> **RECORDS FOR PROCESSING**
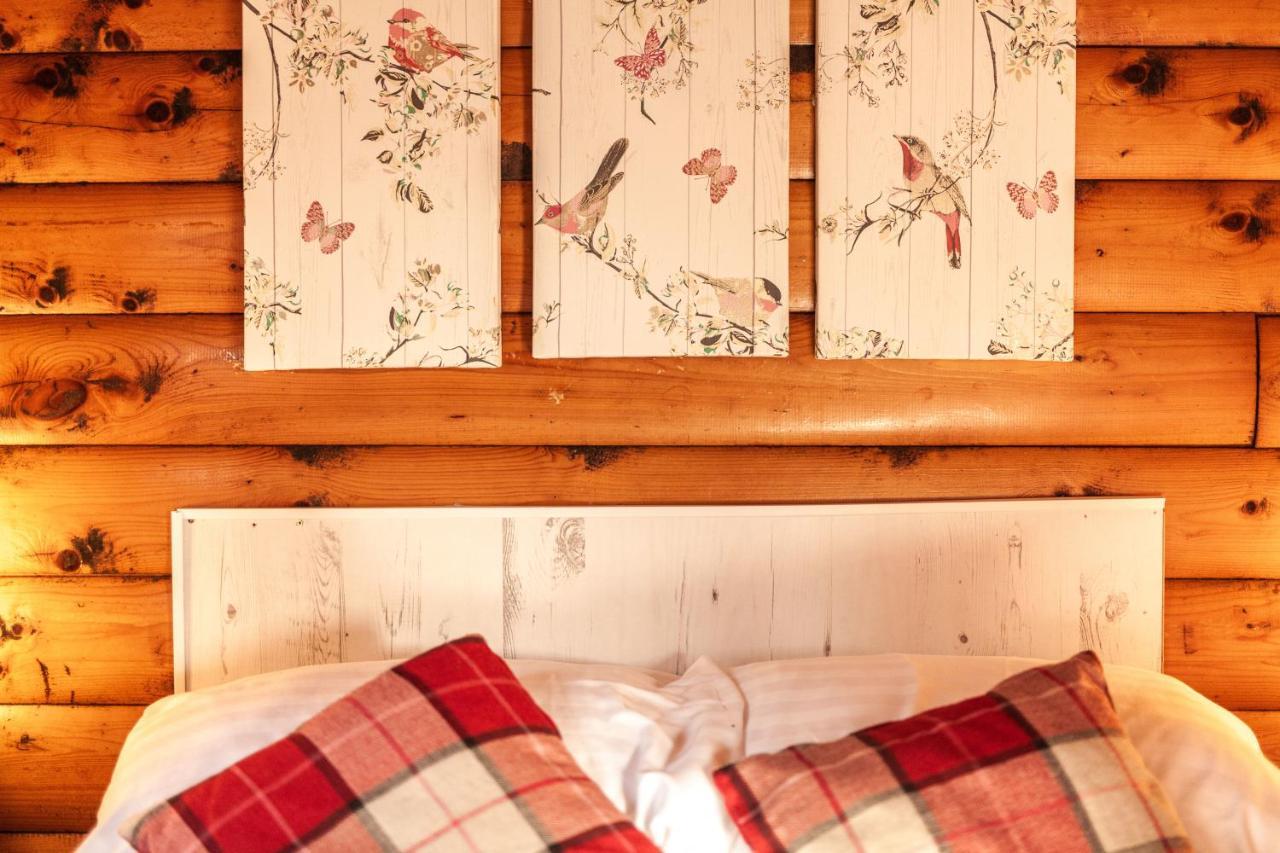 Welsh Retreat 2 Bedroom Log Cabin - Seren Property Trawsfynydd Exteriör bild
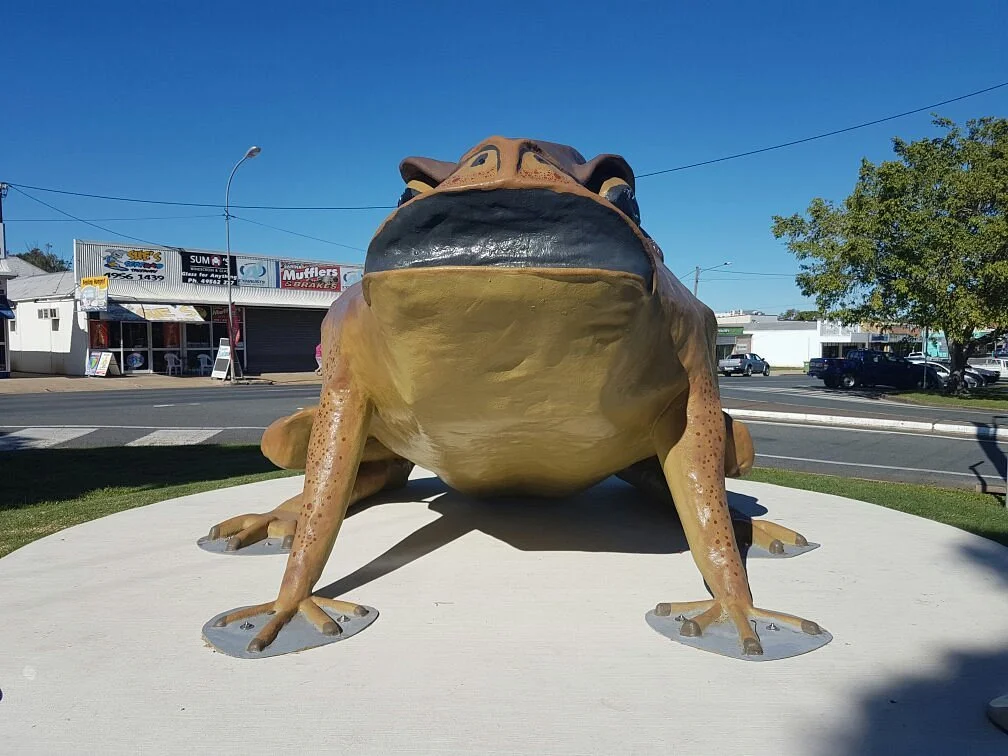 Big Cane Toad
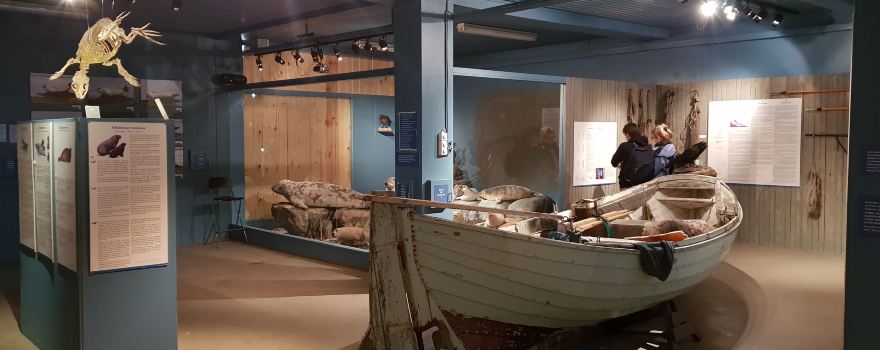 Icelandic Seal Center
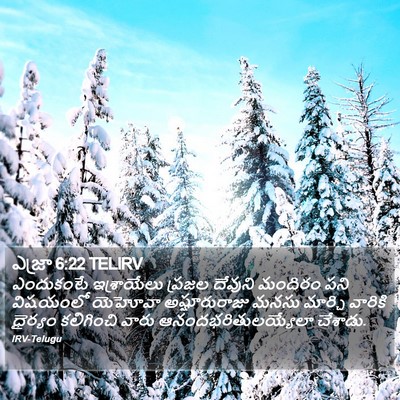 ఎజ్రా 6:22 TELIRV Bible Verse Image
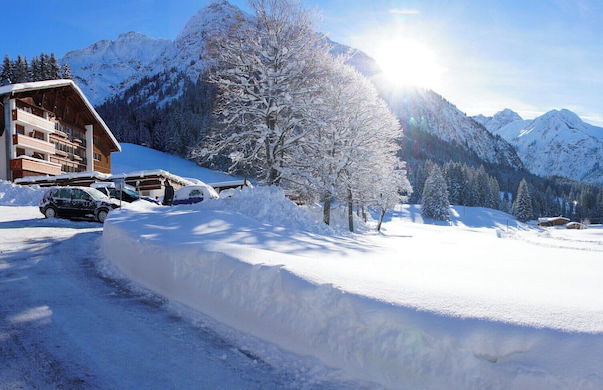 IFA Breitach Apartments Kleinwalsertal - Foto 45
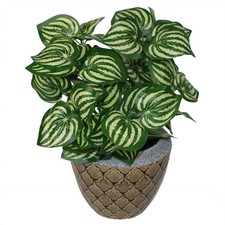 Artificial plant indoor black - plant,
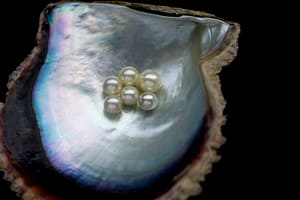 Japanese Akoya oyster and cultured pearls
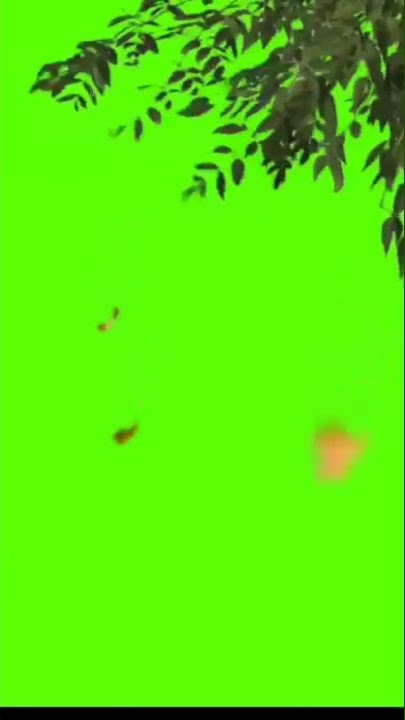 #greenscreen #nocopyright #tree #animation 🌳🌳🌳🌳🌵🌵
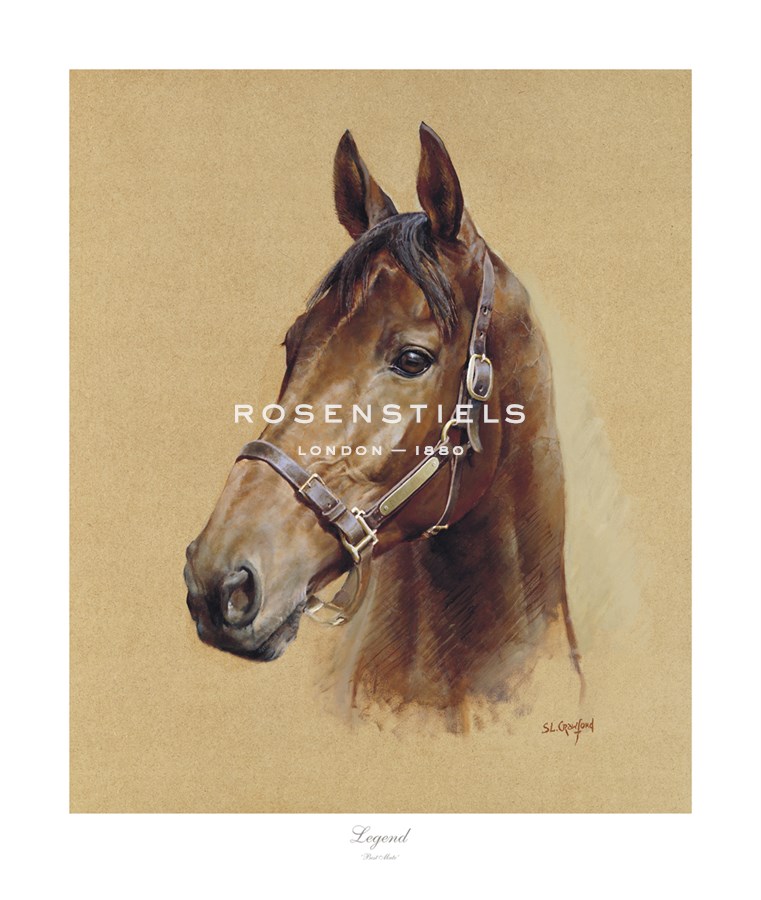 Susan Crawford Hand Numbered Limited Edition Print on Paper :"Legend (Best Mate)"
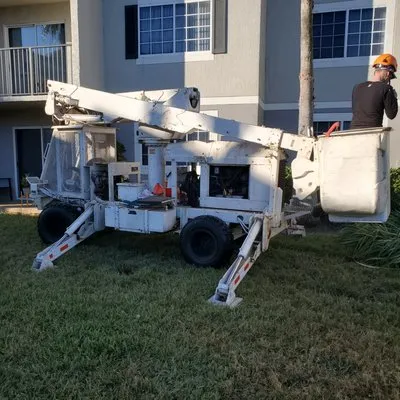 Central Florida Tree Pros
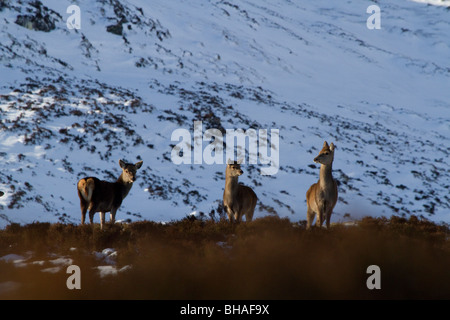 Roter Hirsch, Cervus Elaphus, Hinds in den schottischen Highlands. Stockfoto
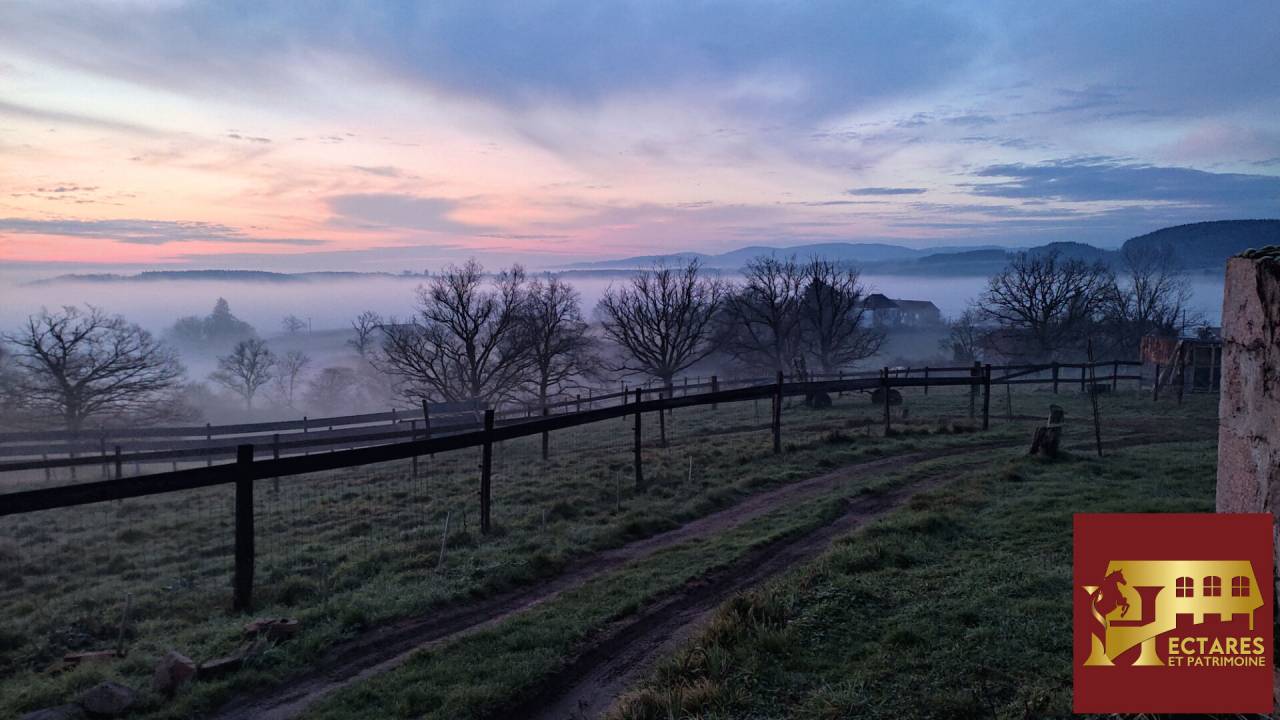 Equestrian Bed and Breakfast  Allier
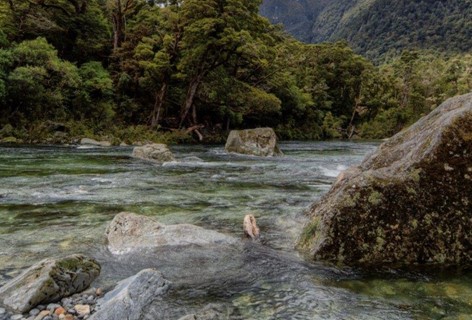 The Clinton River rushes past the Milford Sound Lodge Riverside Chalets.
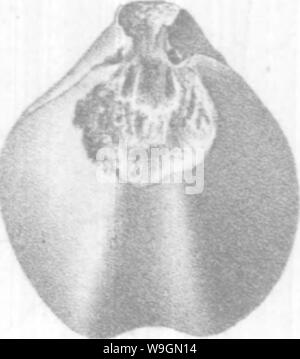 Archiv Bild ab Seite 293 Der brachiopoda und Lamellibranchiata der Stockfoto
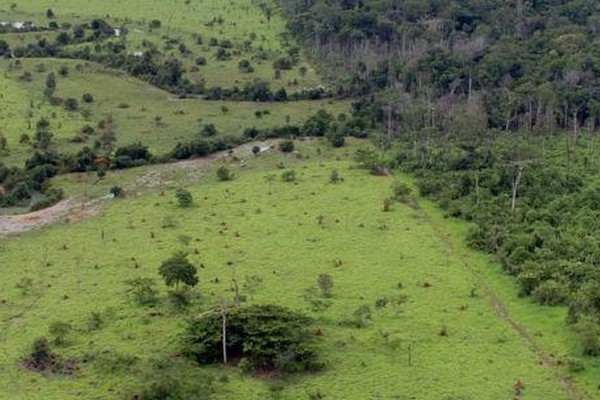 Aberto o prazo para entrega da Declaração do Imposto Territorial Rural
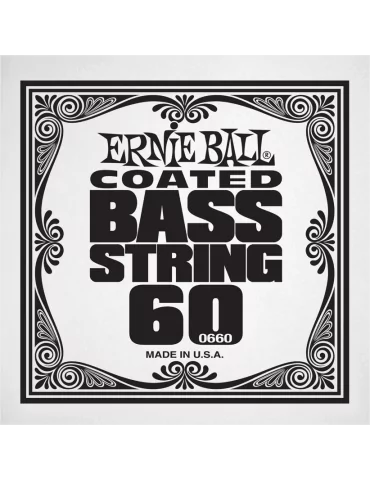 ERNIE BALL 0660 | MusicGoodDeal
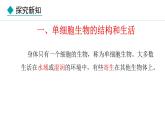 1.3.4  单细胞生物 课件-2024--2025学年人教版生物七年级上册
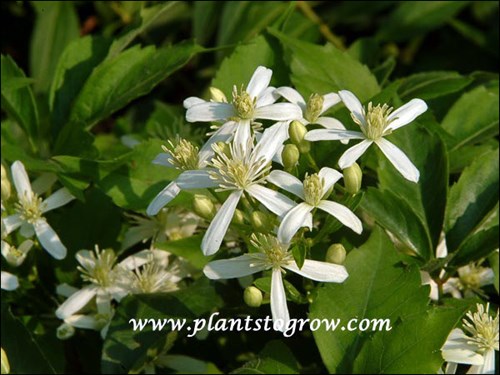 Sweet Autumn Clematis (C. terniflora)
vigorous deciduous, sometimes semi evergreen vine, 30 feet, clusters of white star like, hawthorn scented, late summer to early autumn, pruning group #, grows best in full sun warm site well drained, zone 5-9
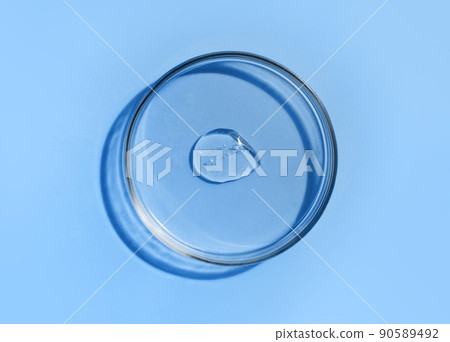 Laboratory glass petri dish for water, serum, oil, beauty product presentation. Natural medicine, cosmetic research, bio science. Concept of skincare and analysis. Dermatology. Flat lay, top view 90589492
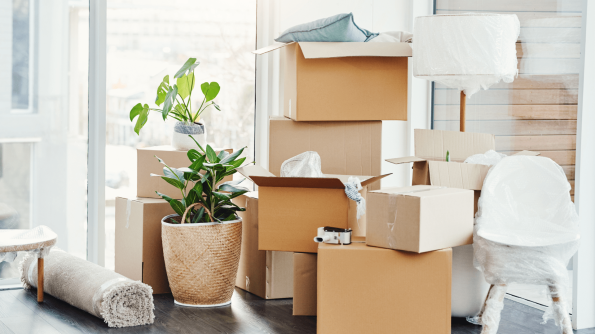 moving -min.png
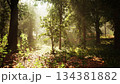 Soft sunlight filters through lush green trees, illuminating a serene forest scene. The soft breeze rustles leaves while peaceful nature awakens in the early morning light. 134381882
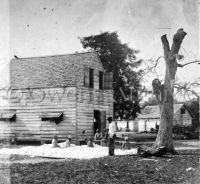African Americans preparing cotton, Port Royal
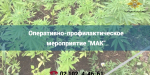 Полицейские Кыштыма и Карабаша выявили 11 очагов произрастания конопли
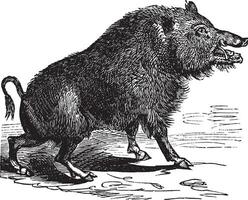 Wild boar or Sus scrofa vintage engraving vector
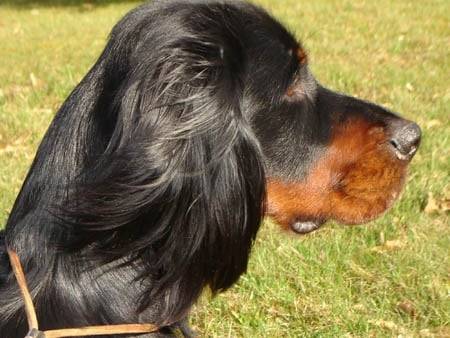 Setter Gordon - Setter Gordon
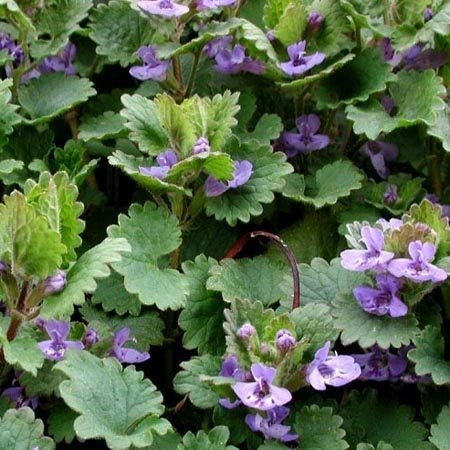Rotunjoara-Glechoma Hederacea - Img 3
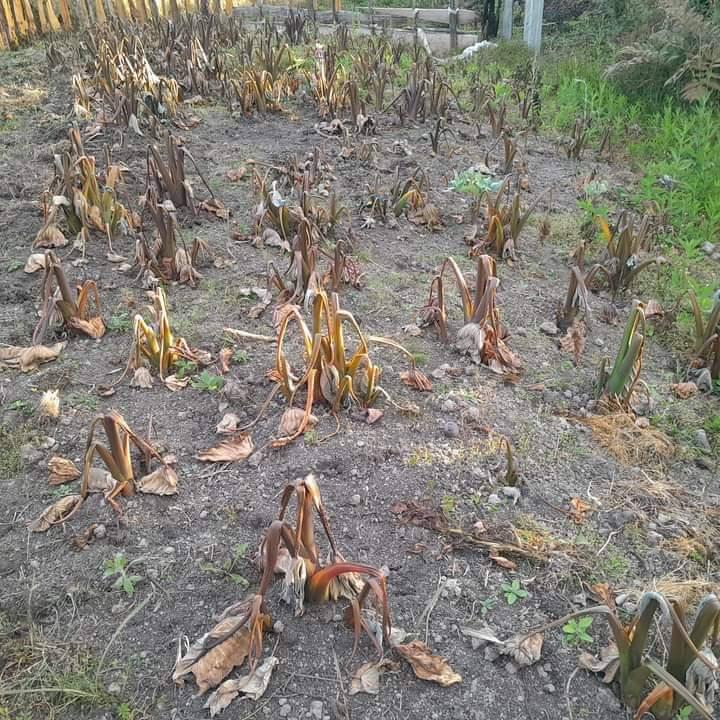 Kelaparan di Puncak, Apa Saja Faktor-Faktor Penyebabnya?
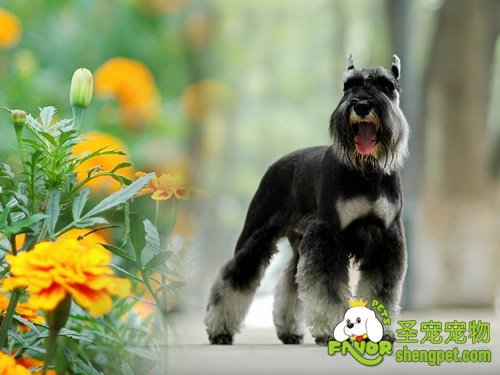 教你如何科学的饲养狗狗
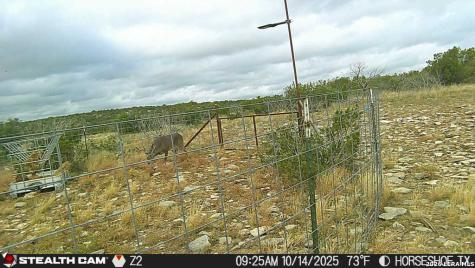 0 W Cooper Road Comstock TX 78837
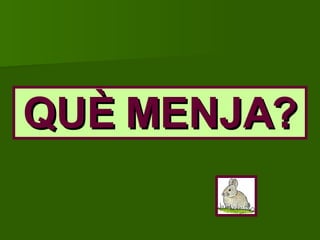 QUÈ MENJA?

> **ACTIVITY**
The output is the stretch above from the line with "Japanese Akoya oyster and cultured pearls" through the line with "Roter Hirsch, Cervus", copied word for word with both ends kept and every picture dropped.

> **WRITTEN RESPONSE**
 Japanese Akoya oyster and cultured pearls
 #greenscreen #nocopyright #tree #animation 🌳🌳🌳🌳🌵🌵
 Susan Crawford Hand Numbered Limited Edition Print on Paper :"Legend (Best Mate)"
 Central Florida Tree Pros
 Roter Hirsch, Cervus Elaphus, Hinds in den schottischen Highlands. Stockfoto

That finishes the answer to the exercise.